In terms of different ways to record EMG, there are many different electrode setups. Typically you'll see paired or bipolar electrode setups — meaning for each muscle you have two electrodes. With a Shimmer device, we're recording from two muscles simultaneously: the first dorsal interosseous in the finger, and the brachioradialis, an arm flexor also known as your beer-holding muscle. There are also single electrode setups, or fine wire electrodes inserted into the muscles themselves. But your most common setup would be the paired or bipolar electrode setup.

==

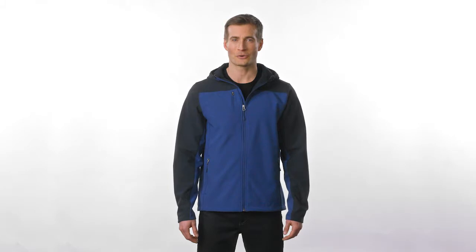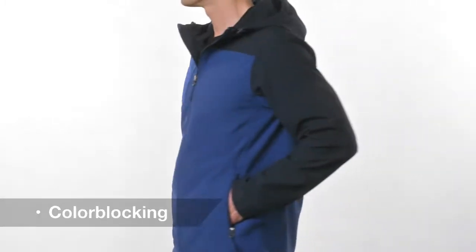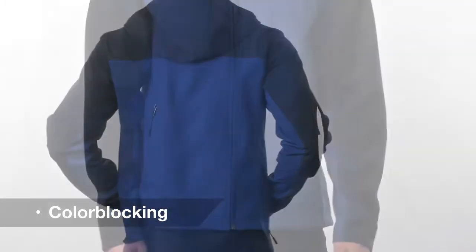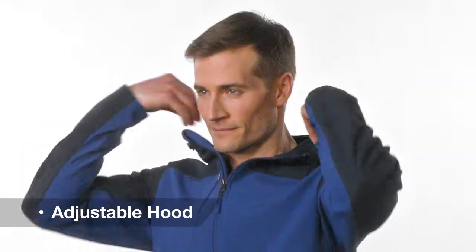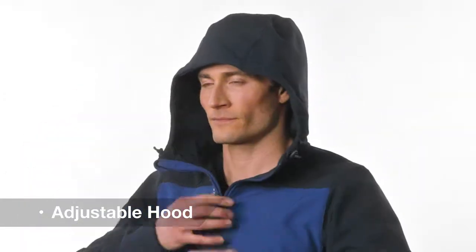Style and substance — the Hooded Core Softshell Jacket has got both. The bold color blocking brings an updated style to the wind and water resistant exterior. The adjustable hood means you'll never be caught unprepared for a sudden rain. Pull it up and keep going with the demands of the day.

* * *

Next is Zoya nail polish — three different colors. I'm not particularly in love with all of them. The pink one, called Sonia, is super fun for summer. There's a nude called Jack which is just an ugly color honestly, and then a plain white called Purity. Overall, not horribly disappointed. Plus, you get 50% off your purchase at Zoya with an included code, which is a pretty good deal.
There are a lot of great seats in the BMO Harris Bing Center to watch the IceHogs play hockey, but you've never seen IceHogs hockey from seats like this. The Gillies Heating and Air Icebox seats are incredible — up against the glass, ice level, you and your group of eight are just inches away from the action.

◆ WHAT YOU SHOULD DO ◆
Using the entries above, give back exactly the line containing "Next is Zoya", the line containing "There are a lot", and every line between them, and nothing else.

◆ RESPONSE AREA ◆
Next is Zoya nail polish — three different colors. I'm not particularly in love with all of them. The pink one, called Sonia, is super fun for summer. There's a nude called Jack which is just an ugly color honestly, and then a plain white called Purity. Overall, not horribly disappointed. Plus, you get 50% off your purchase at Zoya with an included code, which is a pretty good deal.
There are a lot of great seats in the BMO Harris Bing Center to watch the IceHogs play hockey, but you've never seen IceHogs hockey from seats like this. The Gillies Heating and Air Icebox seats are incredible — up against the glass, ice level, you and your group of eight are just inches away from the action.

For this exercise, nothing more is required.